COMMENTS: More & More Medicine

All three networks went healthcare happy for their feature coverage: ABC on Big Pharma, CBS on genetics and NBC on alternative medicine.

NBC's was the most interesting as Robert Bazell filed the final, and superior, instalment of his three-parter The Mind Body Connection. Monday, Bazell offered us a walk-through the lavish Integrative Medicine Center at Duke Unversity where patients pay $3,000 for a wellness evaluation. Tuesday, he told us that "mindful eating" is better than a weight-loss diet for handling the hormonal factors controling our appetite. Now meet Shin Lin, a biophysicist at UCal-Irvine, who is using hi-tech medical monitoring to track the physiological effects of T'ai Chi, the meditation exercise developed in Hunan Province some 450 years ago. Lin uses Doppler laser to measure the blood flow through the extremities; electrodes for brain waves--and claims to detect "tiny amounts of light emissions" as the body goes through its exercise ritual.

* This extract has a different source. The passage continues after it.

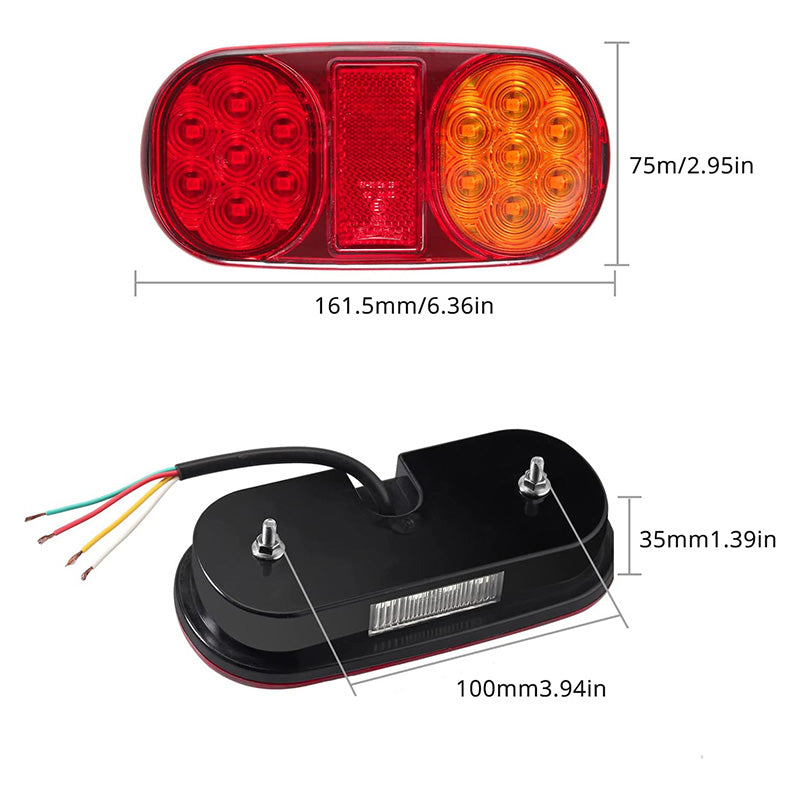 PROZOR 2PCS Tail Lights 18LEDs E-mark E11 Certification Rear Stop Lights 12V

On CBS, we saw part two of Your DNA Destiny, a series on genetic testing to screen for high risks of inherited diseases. Tuesday, anchor Katie Couric introduced us to an unlucky family whose bloodline carries Lynch Syndrome. Those with the syndrome have an 80% chance of being afflicted with colon cancer, compared with a 6% chance for the rest of us. Couric introduced us to Gretchen Robertson, a 38-year-old who tested positive, and then delivered similar bad news to her brother John. "The good news is that colon cancer is 90% curable if found early," was Couric's consolation. Nancy Cordes brought us part two on the growing industry of commercial genome screening test kit makers. Cordes consulted the experts and came up with this caveat: "The industry promises more than science can currently deliver because many genes are poor predictors of whether or not you will actually get a disease. Lifestyle and environmental factors also play a major role."

On ABC's A Closer Look, John Donvan investigated the depressing tale of Connie Loughman that her daughter Jackie has publicized on YouTube. Loughman is a terminal pancreatic cancer patient who is ineligible for clinical trials of an experimental medicine developed by GenVec called TNFerade because she had participated in another earlier experiment. Loughman applied to GenVec for a so-called "compassionate use" waiver but GenVec turned her down. Donvan called it "not an uncommon dilemma." If that compassionate TNFerade had been granted and had happened to harm Loughman, he explained, "the FDA could slow the entire approval process to investigate, costing GenVec money and potentially thousands of people from getting a drug that otherwise would be ready."